Rights Chief's Report:
Milk Plaza Flag and Discrimination
For 18-months or so, while gay men and AIDS activists were being denied equal access to the rainbow flag at Harvey Milk Plaza, and even when I contacted to complain about the situation, the San Francisco Human Rights Commission and its executive director Theresa Sparks, a transgender woman and politician, took no interest in our plight.
But when transgender leader Veronika Fimbres (with expert nudging!) made a request to MUMC to use the flag and pole on city grounds and the ensuing controversy garnered global queer attention, Sparks inserted herself into the controversy. She's gamed and limited her involvement to an investigation by the HRC, which allows her to hold private meetings with MUMC and Scott Wiener, and keep prying public eyes away due to confidentiality concerns.

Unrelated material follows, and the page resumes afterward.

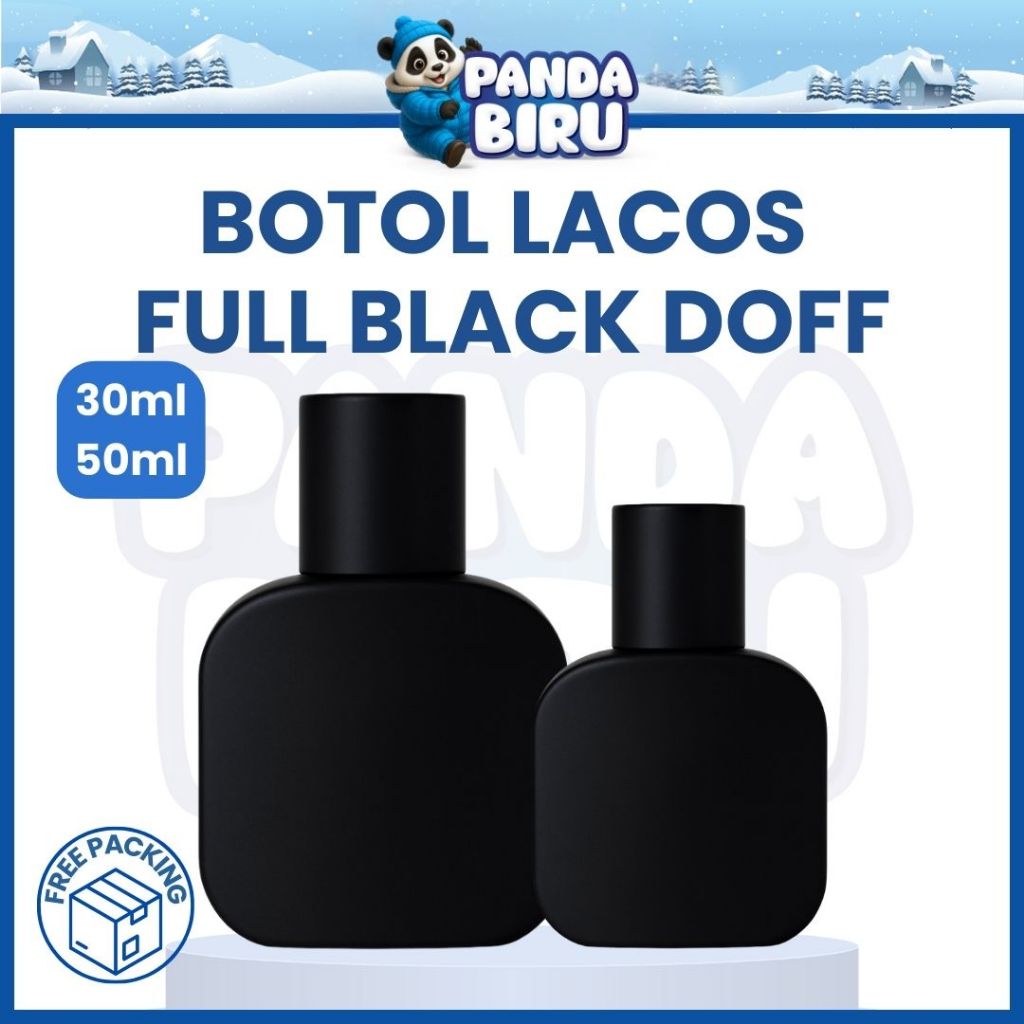 Jual Perfume Lacoste Terlengkap Harga Terbaru Oktober 2025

Sparks has yet to explain in writing why all the other times when MUMC rejected requests, the commission looked the other way.

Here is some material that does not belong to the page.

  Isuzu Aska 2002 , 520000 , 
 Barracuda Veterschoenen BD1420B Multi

At the Nov. 1 MUMC meeting, Sparks gave a skimpy overview of her investigation which she disclosed also involved her having private discussions with the City Attorney's office about a new (I never saw the old) set of rules for the flagpole at Milk Plaza.
Closed door meetings and one-on-one phone calls with MUMC, Wiener and the City Attorney, all conducted by Sparks without minimal transparency.
Tomorrow, November 8, starting at 5:30 PM in Room 416 at City Hall, Sparks will be presenting a report (the agenda omits whether its verbal or written) to the full Human Rights Commission.
Public comment will follow her report and I will be there with Bill Wilson to address the commissioners. I hope you'll join us.
Unfortunately, even though the HRC meeting will take place in a City Hall room camera-ready to air it on SF GovTV, the meeting will not run on Channel 26 nor will it be streamed. Sparks should forthwith find the funds to make her meetings transparent. If it ain't on the web, it ain't transparent.